I’m moving to Vietnam for at least one year. Luckily for me though, this is not the first time i’ve been abroad for a long period so I feel a little more prepared for the journey. The first time I traveled abroad was to China. I studied abroad in Beijing for a semester and traveled for a month after my semester ended. The second time, I traveled to South Korea, China, Vietnam, Mongolia, Thailand, Cambodia, Malaysia, and India for a total of nine months. I learned a lot about what to bring and what not to bring during my stints abroad and thought I’d share some of my wisdom for anyone looking for travel advice.

When I was in China, I luckily was in one place for the majority of my time there so I didn’t have to worry so much about lugging all my belongings with me everywhere I went. Yet, the things that I brought with me could’ve been more useful. Below are some lessons learned from my trip in China.

Lessons learned:

  • Bring clothes you like. I was so worried about ruining my clothes in China that I ended up bringing clothes I didn’t really care about. I felt drab my entire time there.  I also didn’t bring any “nice” clothes so whenever we went out, I felt unprepared to go out for a night on the town.
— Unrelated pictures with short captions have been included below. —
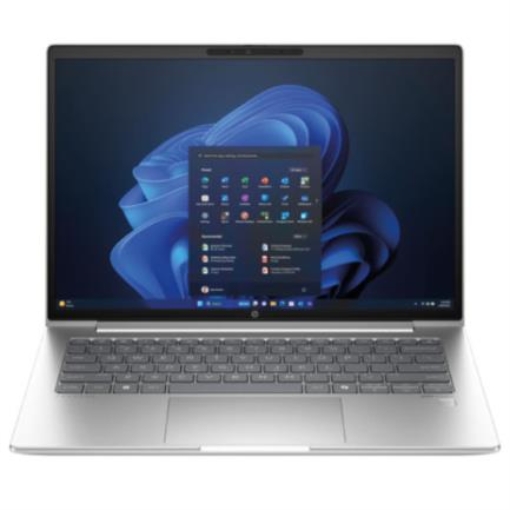 Imagen de LAPTOP HP ProBook 440 14" G11  WUXGA LED UWVA 300N Anti-Glare  60Hz Intel Core Ultra 7 155U 512GB SSD 8GB 11 Pro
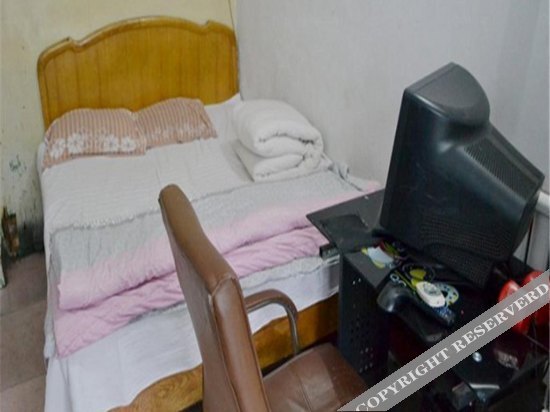 Хандань: Shangyelou Inn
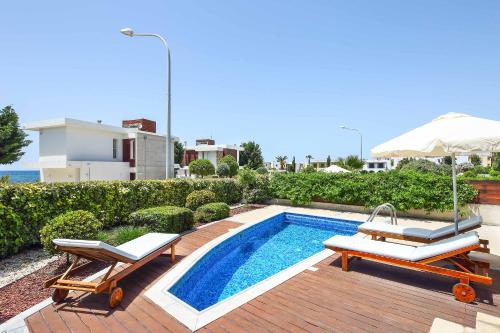 Villa Sky Paphos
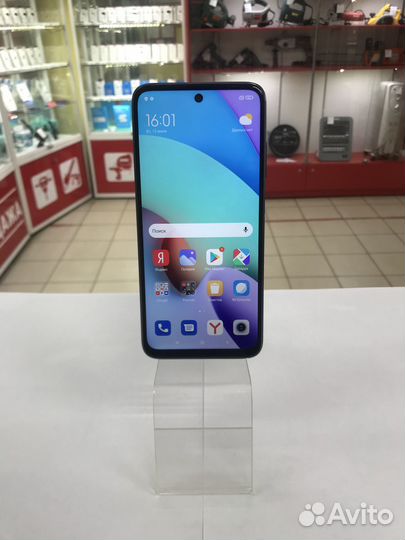 Xiaomi Redmi Note 11, 4/128 ГБ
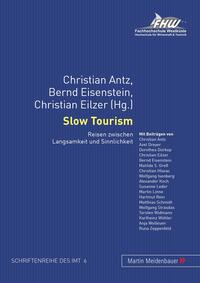 Slow Tourism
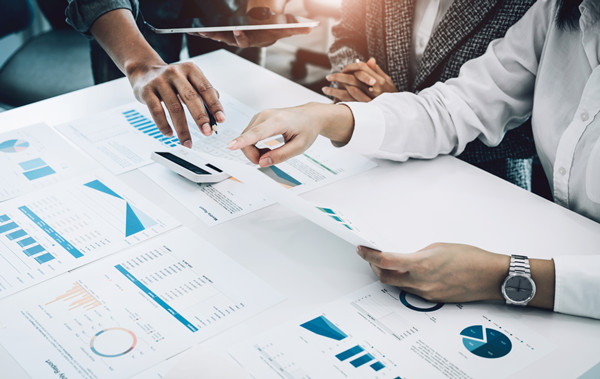 預算分析咨詢：提供分析工具與策略，幫助企業(yè)發(fā)現(xiàn)問題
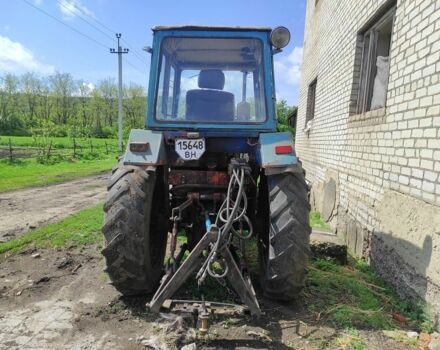 ЮМЗ Другая, объемом двигателя 0 л и пробегом 0 тыс. км за 3500 $, фото 2 на Automoto.ua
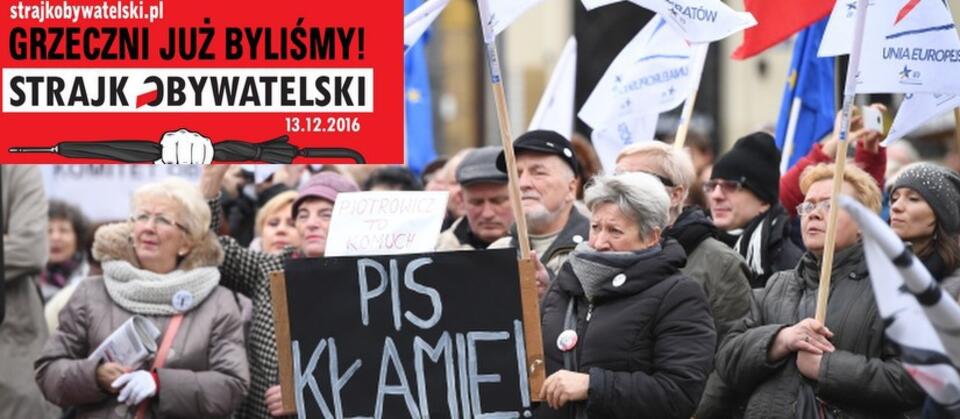 Fot. PAP/Kulczycki, wPolityce.pl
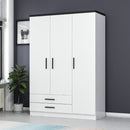 Kale White - 2248 Garderob
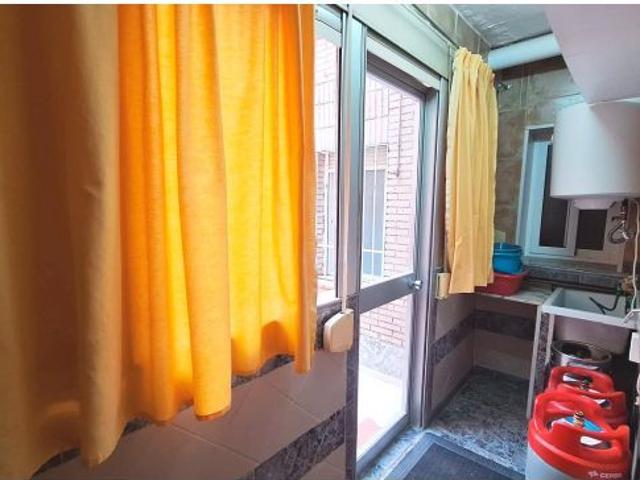 ¡ VIVIENDA EN ENTREPLANTA CON PATIO PRIVADO EN LA ZONA DE FÁTIMA !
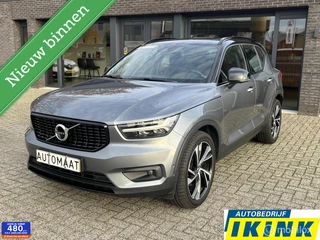 Volvo XC40 2.0 T4 R-Design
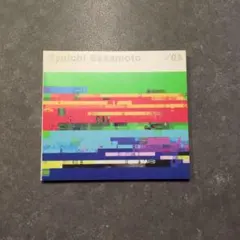 Ryuichi Sakamoto /05 CD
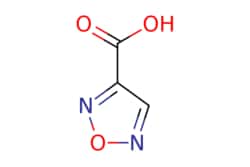 eMolecules​ AstaTech / 125-OXADIAZOLE-3-CARBOXYLIC ACID / 0.25g / 721753918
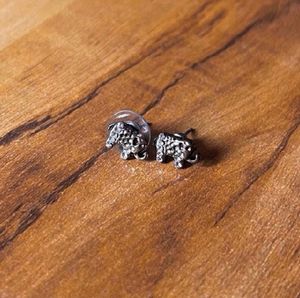 Elephant Studs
It’s crazy how the things you wear on your body have such a big effect on your mood.
  • Bring good basics that are easy to mix, match, and layer. Beijing has very distinct seasons. When I arrived, it was snowing. When I left, it was sweltering hot.  While you can buy clothes just about anywhere, they might not necessarily be in styles and sizes that fit you. If you’re like me, you are a really picky person that won’t wear something you’re not comfortable in. In my 5 months in China, I probably only bought two garments of clothing that I actually wore. I was also super poor so the clothes I did like were insanely expensive.
  • Shoes. It’s important to bring shoes that have multi-purpose. They should be comfortable but also look good with different outfits. I brought sneakers, boots, flats I didn’t really like, sandals that I didn’t really like, and flip flops with me. I ended up buying several pairs of shoes while in China including a pair of bootleg converse and several flats. Beijing is actually a pretty trendy city so you don’t want to dress in sneakers all the time. My boots were great but once it got warm, i couldn’t wear them. The flats and sandals I brought weren’t the most comfortable and in Beijing you walk A LOT.
  • Don’t bring things you can buy there. Things like deodorant, tampons, and razors, can be hard to come by in China. Everything else though, you can find. Unless you’re super particular about your face wash, tooth paste, shampoo, or conditioner, you can just buy that stuff there. The only things that I make sure I buy in the U.S. are deodorant, floss, bug spray, and sun screen. Keep in mind that in places like China, people like having white skin so be weary of certain products because they might have bleach in them.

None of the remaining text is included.